UM PADRE PRA LÁ DE BENTO

Marcos Martino

Padre Bento celebrando em Contendas - 1978

Foto: Mauro Sérvulo

 

Alvinópolis teve Padres muito importantes.

Teve o Padre José Marciano, que tem até nome de rua.

Teve o Padre Jairo, de grande cultura, afeito ao teatro e a música.

Teve o Padre João Bosco, que dá nome a charmosa pracinha da matriz e que nos deixou em desastre fatal.

Teve o Padre Olavo, popularmente conhecido como Padre Olau, que gerou muita polêmica em sua época.

Mas para mim, o mais marcante de todos foi o Padre Bento.

Mais marcante não só por ter sido o pároco de minha juventude, mas por algumas características especiais.

 

Primeiro por sua história de vida.

Antes de se ordenar Padre, envolveu-se com todos os tipos de pecados, com bebida, com mulheres, até tornar-se mendigo, andarilho sem destino.

Mas depois de conhecer o inferno da miséria humana, Joaquim reergueu-se e formou-se Padre, dando um exemplo muito importante para uma geração inteira, de que sempre existe esperança, mesmo nas situações mais difíceis.

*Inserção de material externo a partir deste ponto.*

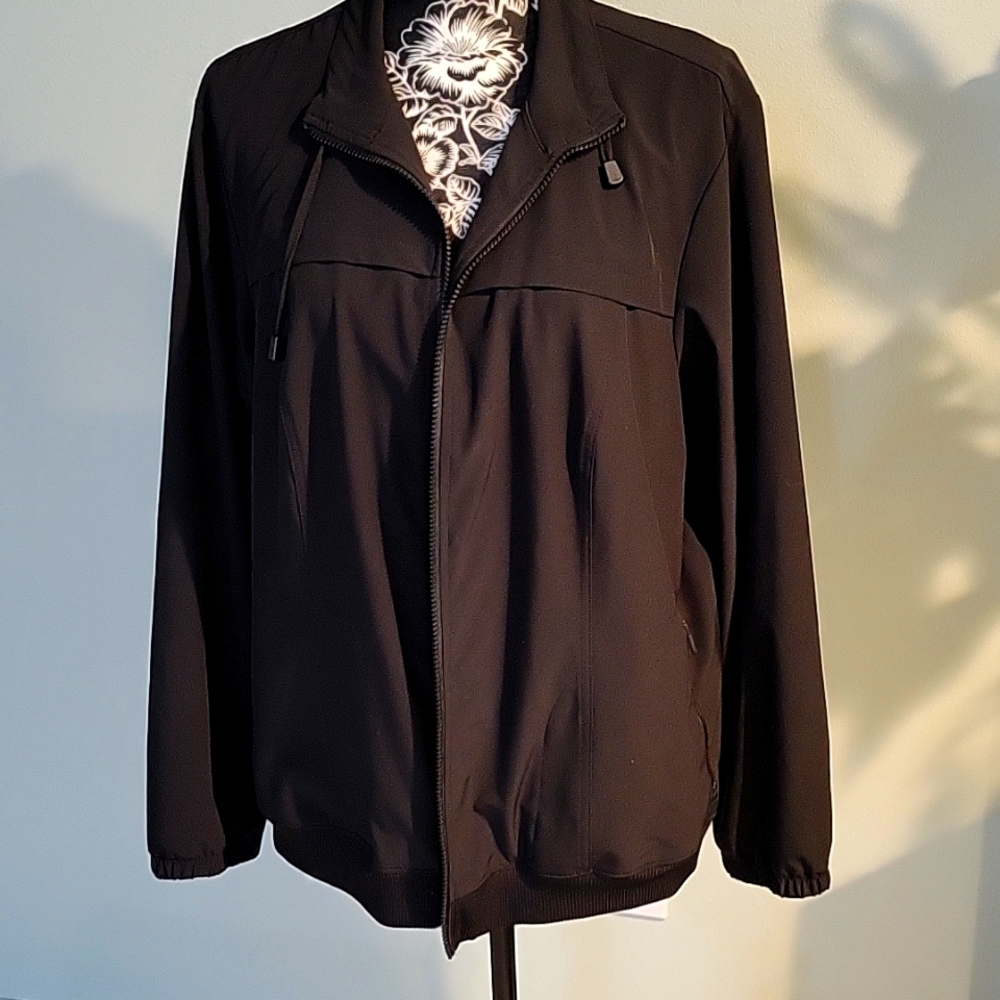 Chico's Zynergy Jacket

Mas Padre Bento ou Padre Joaquim tornou-se um Padre diferente.

Tinha atitudes que fugiam do comportamento austero da maioria dos padres.

Lembro-me de suas missas musicadas, de sua alegria contagiante.

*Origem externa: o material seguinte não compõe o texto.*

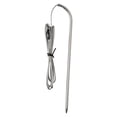thumbnail image 2 of 9004190170 Meat Probes Compatible For Gravity Series 560/800/1050 Cooking Thermometer Probe Sensor Stainless Steel Garden Tools, 2 of 11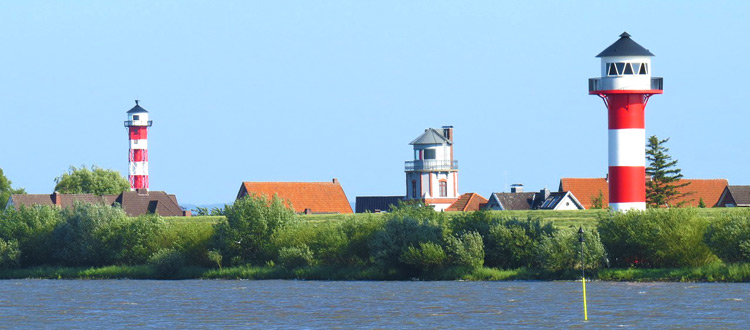 Sanfter Tourismus vor Hamburgs Toren – Waterkant Touren setzen im Alten Land auf das Konzept „Soulsightseeing“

Gostava de usar a linguagem de juventude em seus sermões e sempre convidava o “Verde Terra” para tocar nos eventos da igreja, o que muito nos alegrava também.

As procissões na sua época também eram maravilhosas, bem como as festas do Rosário.

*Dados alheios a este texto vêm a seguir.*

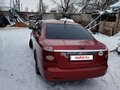 2008 Geely FC (Vision), красный, 160000 рублей - вид 2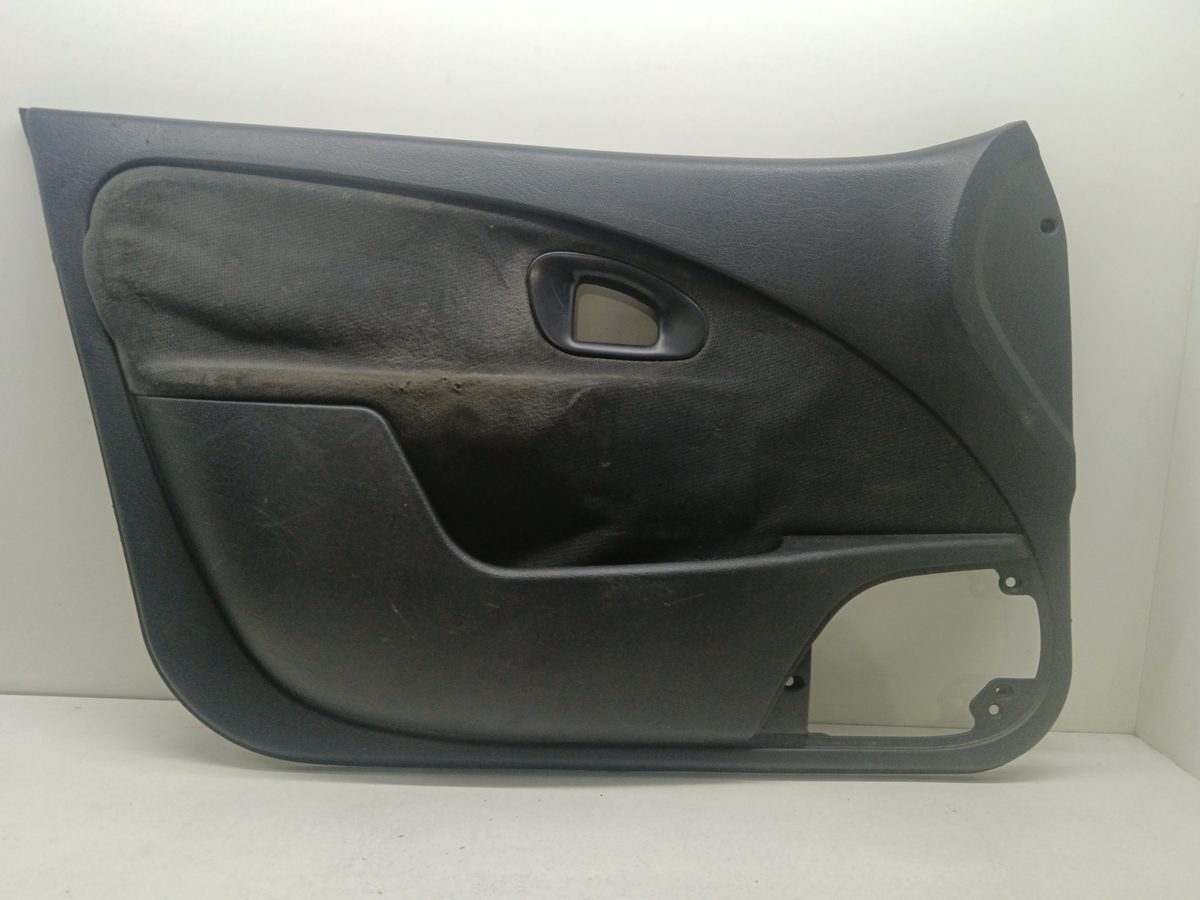 Tapizado Interior Puerta Delantero Izquierdo Citroën Saxo 1996-2000 9620918077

Outra característica interessante é que gostava de freqüentar a vida social da cidade, ia a bailes, dançava com as moças, o que por um lado escandalizava um pouco os mais tradicionais, mas por outro lado, humanizava, aproximava Joaquim dos irmãos.

 

Jamais me esquecerei da primeira vez em que o Verde Terra se apresentou fora de Alvinópolis e o Padre praticamente patrocinou nossa viagem do próprio bolso, nos dando grande incentivo e um crédito de confiança do qual jamais nos esquecemos.

Depois, em trabalhos escolares, ainda tive o prazer de entrevistá-lo algumas vezes, pois sempre inventava um jeito de ouvir suas opiniões que misturavam religiosidade com filosofia, tudo de um jeito próprio, com a visão de quem conhece as coisas da vida e os mistérios da fé.

Padre Bento terminou os seus dias terrenos em pleno exercício de sua profissão de fé.  

Lembro-me de suas últimas missas, quando já debilitado pela doença, tinha apenas um fio de voz, mas buscava forças no fundo da alma para cumprir sua missão na terra, de espalhar o bem, de quebrar determinados moldes que nos engessavam num tempo passado, levantando a sociedade alvinopolense um passo adiante.

 

(Obs: Escrevi este texto à partir do meu particular ponto de vista, mas será interessante que alguém que conhece mais profundamente a história desses padres, escreva para nos elucidar mais à respeito).

 

Marcos Martino é alvinopolense, poeta, escritor, jornalista, músico.